TASK PROMPT | Nothing outside the range below should be printed. Output exactly the lines from the line with "Светильник потолочный светодиодный" to the line with "WALRAVEN Brandschutzmanschette Pacifyre", both included.

[Stored items]
···
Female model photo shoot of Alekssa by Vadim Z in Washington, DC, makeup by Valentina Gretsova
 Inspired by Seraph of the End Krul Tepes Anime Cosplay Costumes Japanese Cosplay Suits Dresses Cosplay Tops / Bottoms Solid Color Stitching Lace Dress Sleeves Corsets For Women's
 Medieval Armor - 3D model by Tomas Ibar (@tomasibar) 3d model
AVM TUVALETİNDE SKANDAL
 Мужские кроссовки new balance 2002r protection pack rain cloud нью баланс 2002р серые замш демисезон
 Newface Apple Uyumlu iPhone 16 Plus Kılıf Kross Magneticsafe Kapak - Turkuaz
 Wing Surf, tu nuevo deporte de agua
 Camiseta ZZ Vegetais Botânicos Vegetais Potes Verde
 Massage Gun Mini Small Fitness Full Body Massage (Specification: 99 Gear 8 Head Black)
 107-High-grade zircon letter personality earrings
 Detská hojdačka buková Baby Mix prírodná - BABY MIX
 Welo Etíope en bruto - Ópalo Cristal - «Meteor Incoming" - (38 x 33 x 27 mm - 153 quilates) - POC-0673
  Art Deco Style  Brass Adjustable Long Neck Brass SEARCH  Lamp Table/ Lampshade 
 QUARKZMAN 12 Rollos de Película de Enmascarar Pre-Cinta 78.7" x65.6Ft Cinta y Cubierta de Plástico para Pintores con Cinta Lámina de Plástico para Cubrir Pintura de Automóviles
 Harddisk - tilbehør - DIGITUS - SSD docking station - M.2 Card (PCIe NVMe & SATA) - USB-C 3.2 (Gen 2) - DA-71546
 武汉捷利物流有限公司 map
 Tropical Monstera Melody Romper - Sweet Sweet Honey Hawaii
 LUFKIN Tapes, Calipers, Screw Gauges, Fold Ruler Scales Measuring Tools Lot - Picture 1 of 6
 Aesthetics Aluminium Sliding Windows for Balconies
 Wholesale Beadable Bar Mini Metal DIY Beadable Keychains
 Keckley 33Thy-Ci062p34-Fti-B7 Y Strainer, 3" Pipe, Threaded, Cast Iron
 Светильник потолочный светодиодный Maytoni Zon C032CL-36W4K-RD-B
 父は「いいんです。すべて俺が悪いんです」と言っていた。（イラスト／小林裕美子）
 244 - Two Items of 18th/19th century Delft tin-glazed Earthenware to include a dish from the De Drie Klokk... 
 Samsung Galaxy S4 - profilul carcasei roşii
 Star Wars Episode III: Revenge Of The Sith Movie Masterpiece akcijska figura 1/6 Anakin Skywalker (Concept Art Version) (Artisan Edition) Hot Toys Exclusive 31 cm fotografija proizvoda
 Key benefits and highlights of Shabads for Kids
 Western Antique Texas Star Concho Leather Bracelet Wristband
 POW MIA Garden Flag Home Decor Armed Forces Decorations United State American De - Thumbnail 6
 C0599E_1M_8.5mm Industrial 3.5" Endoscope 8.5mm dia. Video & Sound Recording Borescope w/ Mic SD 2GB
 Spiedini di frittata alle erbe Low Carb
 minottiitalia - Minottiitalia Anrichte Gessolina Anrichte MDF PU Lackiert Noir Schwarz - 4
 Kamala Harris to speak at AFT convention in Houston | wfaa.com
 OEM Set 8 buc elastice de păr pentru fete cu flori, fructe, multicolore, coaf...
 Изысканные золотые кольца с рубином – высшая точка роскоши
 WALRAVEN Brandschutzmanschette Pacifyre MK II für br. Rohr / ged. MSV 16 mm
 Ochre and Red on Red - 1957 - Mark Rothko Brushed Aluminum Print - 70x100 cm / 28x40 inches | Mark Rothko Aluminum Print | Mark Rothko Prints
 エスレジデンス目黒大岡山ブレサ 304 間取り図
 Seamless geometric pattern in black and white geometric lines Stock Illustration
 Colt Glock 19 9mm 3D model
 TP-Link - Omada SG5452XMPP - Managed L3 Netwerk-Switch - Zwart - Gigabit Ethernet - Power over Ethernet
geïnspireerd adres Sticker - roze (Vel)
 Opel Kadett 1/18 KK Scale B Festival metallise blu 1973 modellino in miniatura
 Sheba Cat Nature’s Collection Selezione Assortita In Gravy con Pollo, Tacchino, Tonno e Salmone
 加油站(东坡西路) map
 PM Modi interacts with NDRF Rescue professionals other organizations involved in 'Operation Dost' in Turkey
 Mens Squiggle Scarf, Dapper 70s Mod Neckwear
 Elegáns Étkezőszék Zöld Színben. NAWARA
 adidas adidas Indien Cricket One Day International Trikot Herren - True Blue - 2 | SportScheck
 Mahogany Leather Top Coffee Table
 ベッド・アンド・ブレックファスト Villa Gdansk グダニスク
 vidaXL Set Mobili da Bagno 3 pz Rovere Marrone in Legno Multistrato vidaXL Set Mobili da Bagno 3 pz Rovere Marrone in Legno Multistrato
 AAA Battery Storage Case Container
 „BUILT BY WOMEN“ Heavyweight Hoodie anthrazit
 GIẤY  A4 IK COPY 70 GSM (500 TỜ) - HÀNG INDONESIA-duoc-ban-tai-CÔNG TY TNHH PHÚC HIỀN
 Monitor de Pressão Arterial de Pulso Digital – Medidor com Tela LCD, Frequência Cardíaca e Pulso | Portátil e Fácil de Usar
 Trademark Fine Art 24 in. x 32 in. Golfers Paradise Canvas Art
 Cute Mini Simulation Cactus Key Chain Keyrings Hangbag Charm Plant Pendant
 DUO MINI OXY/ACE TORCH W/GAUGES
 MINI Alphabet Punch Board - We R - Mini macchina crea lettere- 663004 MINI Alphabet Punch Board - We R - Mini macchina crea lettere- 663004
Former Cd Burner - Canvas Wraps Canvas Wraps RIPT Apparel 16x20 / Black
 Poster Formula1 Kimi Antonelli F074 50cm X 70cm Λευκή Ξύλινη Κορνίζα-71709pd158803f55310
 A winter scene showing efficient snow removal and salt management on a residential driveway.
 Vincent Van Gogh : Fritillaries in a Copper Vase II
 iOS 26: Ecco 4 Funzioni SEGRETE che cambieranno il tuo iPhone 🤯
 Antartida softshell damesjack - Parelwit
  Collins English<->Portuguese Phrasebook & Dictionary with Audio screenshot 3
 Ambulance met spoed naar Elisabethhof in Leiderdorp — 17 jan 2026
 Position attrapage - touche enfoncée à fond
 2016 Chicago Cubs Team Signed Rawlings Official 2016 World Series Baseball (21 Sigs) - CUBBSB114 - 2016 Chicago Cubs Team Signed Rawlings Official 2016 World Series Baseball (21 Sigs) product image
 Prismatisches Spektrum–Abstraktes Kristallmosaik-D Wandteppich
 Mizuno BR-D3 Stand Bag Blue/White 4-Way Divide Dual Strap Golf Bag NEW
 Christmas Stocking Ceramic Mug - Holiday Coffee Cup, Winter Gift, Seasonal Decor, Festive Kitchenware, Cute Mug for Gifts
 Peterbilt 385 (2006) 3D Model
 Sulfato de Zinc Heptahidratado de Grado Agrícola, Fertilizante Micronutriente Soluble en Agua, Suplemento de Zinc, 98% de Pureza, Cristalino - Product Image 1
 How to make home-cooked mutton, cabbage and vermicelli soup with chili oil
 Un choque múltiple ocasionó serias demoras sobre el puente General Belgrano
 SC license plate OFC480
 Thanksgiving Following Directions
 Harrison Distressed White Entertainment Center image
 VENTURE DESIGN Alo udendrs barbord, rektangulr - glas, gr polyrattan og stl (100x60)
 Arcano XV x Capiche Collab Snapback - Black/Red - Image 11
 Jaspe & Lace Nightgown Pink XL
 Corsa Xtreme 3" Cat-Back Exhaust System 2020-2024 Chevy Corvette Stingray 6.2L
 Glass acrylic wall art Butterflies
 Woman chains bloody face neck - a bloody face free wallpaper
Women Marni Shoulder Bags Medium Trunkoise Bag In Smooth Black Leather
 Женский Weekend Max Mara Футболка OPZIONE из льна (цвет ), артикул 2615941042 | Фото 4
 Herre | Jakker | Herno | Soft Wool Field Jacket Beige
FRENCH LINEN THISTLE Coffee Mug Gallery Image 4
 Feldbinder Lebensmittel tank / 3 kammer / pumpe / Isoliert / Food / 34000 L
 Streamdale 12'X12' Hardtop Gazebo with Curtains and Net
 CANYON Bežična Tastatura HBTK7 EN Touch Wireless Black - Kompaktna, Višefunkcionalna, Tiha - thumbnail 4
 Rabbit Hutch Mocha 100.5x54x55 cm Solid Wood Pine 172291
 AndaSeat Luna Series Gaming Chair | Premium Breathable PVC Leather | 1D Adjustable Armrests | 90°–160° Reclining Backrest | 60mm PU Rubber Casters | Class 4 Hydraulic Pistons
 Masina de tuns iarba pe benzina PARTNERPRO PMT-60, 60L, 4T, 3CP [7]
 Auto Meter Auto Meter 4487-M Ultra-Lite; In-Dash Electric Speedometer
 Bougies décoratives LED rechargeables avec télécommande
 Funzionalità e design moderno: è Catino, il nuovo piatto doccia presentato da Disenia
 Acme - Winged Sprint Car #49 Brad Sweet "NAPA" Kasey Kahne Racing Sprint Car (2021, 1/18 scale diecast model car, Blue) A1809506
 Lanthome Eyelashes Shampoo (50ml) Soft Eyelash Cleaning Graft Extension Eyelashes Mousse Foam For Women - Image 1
···
REPLY TO THE EXERCISE |
 Светильник потолочный светодиодный Maytoni Zon C032CL-36W4K-RD-B
 父は「いいんです。すべて俺が悪いんです」と言っていた。（イラスト／小林裕美子）
 244 - Two Items of 18th/19th century Delft tin-glazed Earthenware to include a dish from the De Drie Klokk... 
 Samsung Galaxy S4 - profilul carcasei roşii
 Star Wars Episode III: Revenge Of The Sith Movie Masterpiece akcijska figura 1/6 Anakin Skywalker (Concept Art Version) (Artisan Edition) Hot Toys Exclusive 31 cm fotografija proizvoda
 Key benefits and highlights of Shabads for Kids
 Western Antique Texas Star Concho Leather Bracelet Wristband
 POW MIA Garden Flag Home Decor Armed Forces Decorations United State American De - Thumbnail 6
 C0599E_1M_8.5mm Industrial 3.5" Endoscope 8.5mm dia. Video & Sound Recording Borescope w/ Mic SD 2GB
 Spiedini di frittata alle erbe Low Carb
 minottiitalia - Minottiitalia Anrichte Gessolina Anrichte MDF PU Lackiert Noir Schwarz - 4
 Kamala Harris to speak at AFT convention in Houston | wfaa.com
 OEM Set 8 buc elastice de păr pentru fete cu flori, fructe, multicolore, coaf...
 Изысканные золотые кольца с рубином – высшая точка роскоши
 WALRAVEN Brandschutzmanschette Pacifyre MK II für br. Rohr / ged. MSV 16 mm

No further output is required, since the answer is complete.